Bruxelles rejette toute suspension : les demandes de permis restent actives sans moratoire
Ah, Bruxelles. La ville où l'urbanisme semble être une expérience de laboratoire pour étudiants en art moderne. Imaginez une cour de récréation pleine d’enfants saccageant leurs dessins, et vous avez une idée de la situation actuelle dans la capitale belge. Le tribunal s'est récemment réveillé d'un long sommeil, exigeant la suspension des projets d’urbanisation sur certains terrains. Mais attendez un peu : que fait la région face à cette exigence ? Elle dit non merci et continue comme si de rien n'était. Oui, vous avez bien entendu !
Un jugement qui ne fait que rire sous cape
Le 29 octobre 2025, un jugement a tremblé l’univers de l’urbanisme à Bruxelles en exigeant de suspendre toute urbanisation sur les sites de plus de 0,5 hectare. C'est comme si le tribunal avait décidé de dynamiter un château de cartes pour prouver qu'il pouvait le faire. Bon, les raisons sont louables : un groupe écolo a demandé que la région respecte ses engagements environnementaux. Mais la réponse du gouvernement ? Un elegant trottoir ciré du pied, montrant que les demandes de permis continuent à défiler comme si rien ne s'était passé.
Les subterfuges du gouvernement
Bruxelles opte pour une stratégie de contournement des règles et des réglementations, comme un voleur habile dans une soirée en boîte. Un document a été validé pour maintenir le fonctionnement des demandes de permis, contournant ainsi le jugement en maintenant que tout projet en vertu d'un Plan d'aménagement directeur (PAD) n'est pas affecté. Cela rappelle à s'y méprendre un joueur de poker à qui l’on réclame les règles tout en continuant à distribuer des cartes !

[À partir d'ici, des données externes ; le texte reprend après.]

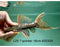 * Pleco * Pseudacanthicus Pirarara (L25 7 Pointer) 16cm #25X20 (Actual piece)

Quand la paperasse remplace le bon sens
Alors, pour les malheureux candidats en quête de leur précieux permis, la bonne nouvelle c'est que la fête continue. Le tonitruant "Aucun moratoire ne sera appliqué" retentit comme un coup de tambour dans un concert de rock. Toutefois, ce ne sera pas sans conditions. Finies les demandes de permis à la va-vite ; chaque demandeur devra maintenant s'armer de dossiers bien plus étoffés, juste pour que l’administration puisse se sentir utile. Voilà une belle façon de dire que la bureaucratie est toujours vivante et d’attaque, prête à noyer tout projet sous les feuilles de papier !
Une vision d'ensemble ou un n'importe quoi ?
La secrétaire d'État à l'Urbanisme évoque même la vision d'un territoire global, comme un architecte de château de sable qui pense d’un coup à la marée montante. Oui, parce que bien sûr, un dépôt de trams peut justifier d'imperméabiliser des terres, alors que la ville crie famine en termes d'espaces verts. À Bruxelles, il est évident que la meilleure façon de lutter contre le changement climatique, c'est d'hypothéquer un peu plus de terre pour des projets débiles.
Avec tout cela, une question se pose : jusqu'à quand l'administration pensant à l'avenir va-t-elle ignorer la réalité ? Peut-être que, tout comme dans cette histoire de vitesse où un conducteur a perdu son permis pour avoir flambé à 177 km/h, les autorisations devraient être jugées avec la même rigueur. Après tout, la dernière chose dont Bruxelles a besoin, c'est d'une autre parade d'urbanisme mal pensée qui se révèle être une épave, comme la promesse d'une autorisation rapide sur une rue sinueuse pleine de pièges.